Before you decide about registration for VAT, you should decide what is the most appropriate legal status. You can be a sole trader, or partnership; or you can set up a limited company, or other corporate body. It is really a decision to be made with your Accountant, or other adviser.
When you can be registered for VAT
If you only make ‘exempt’ supplies then you cannot register for VAT. This category covers health & welfare, education, finance, insurance. Since you cannot register for VAT, you cannot claim VAT, and VAT becomes a cost to your business.

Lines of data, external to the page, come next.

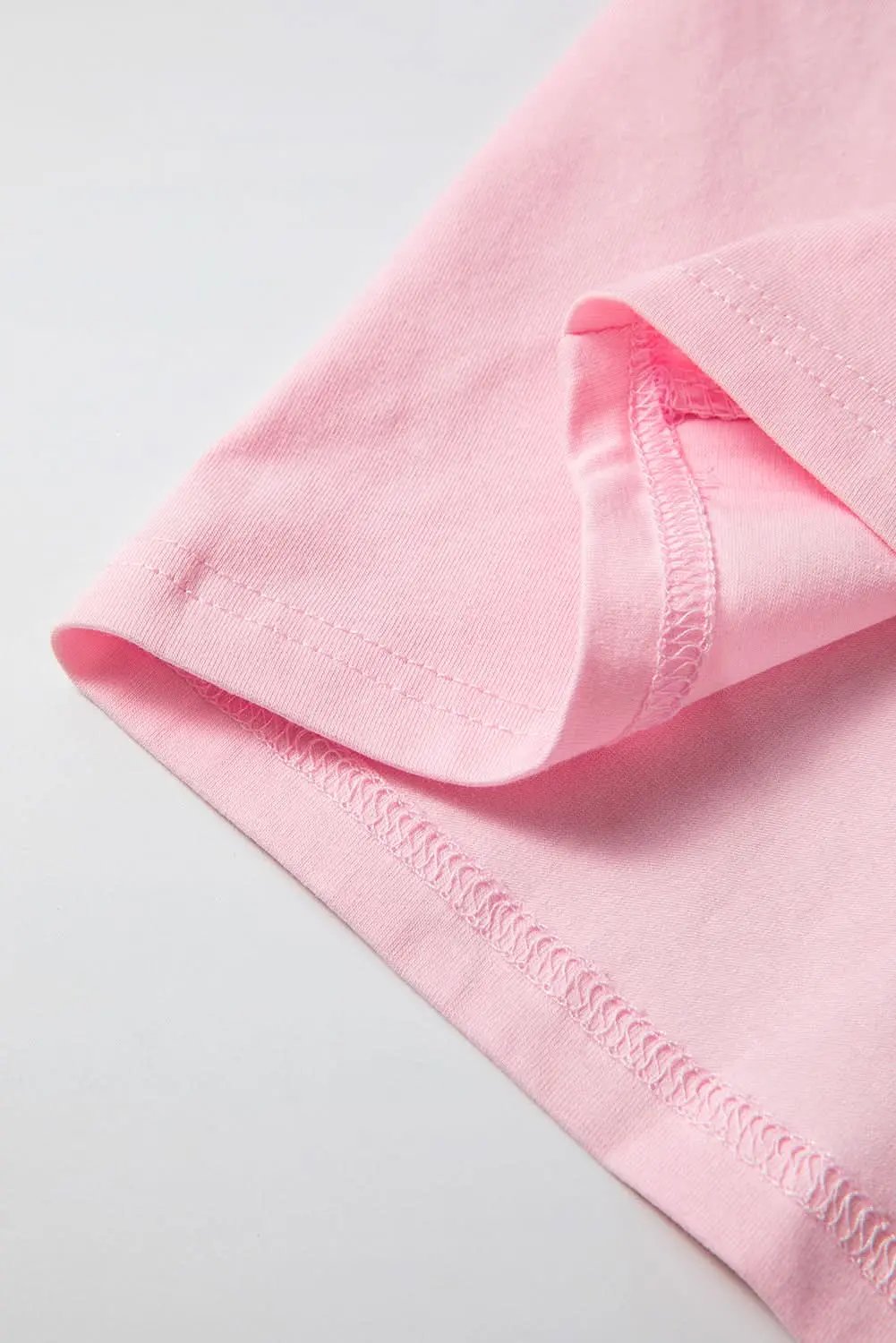 Love Salve Plus Size Long Sleeve Top Pink Colorblock — Casual Daily Wear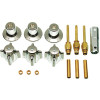 DANCO Central Brass 3-Handle Tub and Shower Faucet Trim Kit in Chrome (Valve Not Included)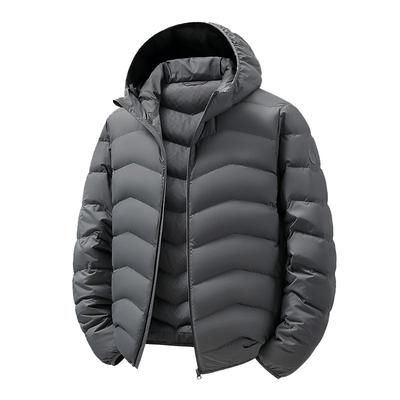 鸭鸭羽绒服男士中长款时尚休闲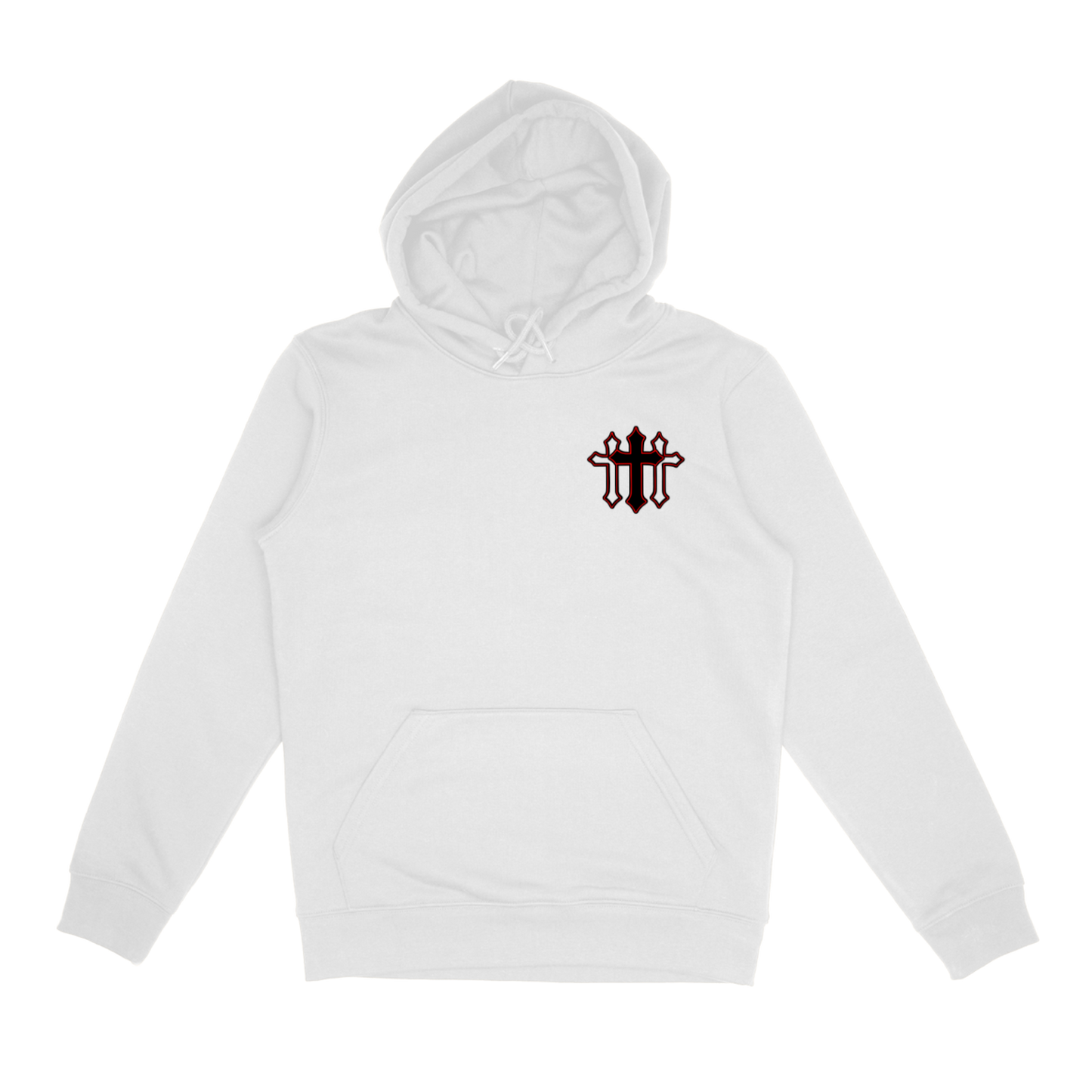 White “CROSS” DEATH B4 DISHONOR HOODIE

When you have to register for VAT
If you make ‘taxable’ supplies (ie: supplies which are not exempt), then you are required to be registered in your turnover in any 12 consecutive months exceeds the registration threshold. This is currently £85,000. This rule also applies if you take over a business from someone else. If you fail to register on time, you will be liable to a penalty. As a rule-of-thumb, the penalty is 30% of the net VAT due up to the date you told HMRC you were liable to be registered.
When you choose to register for VAT
If your turnover is below the registration threshold, you can apply for voluntary registration. If your customers are mainly in business, and therefore able to recover VAT, this is a potentially beneficial option.
When you run more than one business
If you operate more than one business, the turnover of all of them will be added together to determine if you need to register for VAT. You may be able to set up, for example, separate limited companies. Do be careful, as there are rules that prevent artificial separation in such circumstances.
The procedure is entirely online, which can result in speedy receipt of a VAT number. You will need to provide personal details (name, address, date of birth, national insurance number), as well as details of the business itself.
Usually, VAT Returns are required to be submitted quarterly. You can select the quarter ends, usually to coincide with your financial year end. If you regularly receive repayments from HMRC, you can apply for monthly Returns. This will help with cashflow.
For some businesses, an annual VAT Return is appropriate (Annual Accounting Scheme). If you submit or pay Returns late, you will become subject to the Default Surcharge. This is a penalty of up to 15% of the VAT on the Return, or the VAT unpaid. It serves as an encouragement to be timely with your Returns.
Errors on Returns
There is a further penalty for an error made on Returns. Most errors are deemed to be ‘careless,’ and the penalty is calculated at 30% of the net error. The penalty is reduced if the taxpayer notifies it to HMRC without waiting for the VAT Man to find it!
Disclaimer: these articles are brief introductory comments on some areas of Tax, You will appreciate that whilst every effort is taken to ensure accuracy, your own circumstances may be sufficiently different, such that the Tax outcome is not the same. Therefore please do not rely on the article as ‘professional advice.’ In all cases it is recommended that you seek advice applicable to your own situation.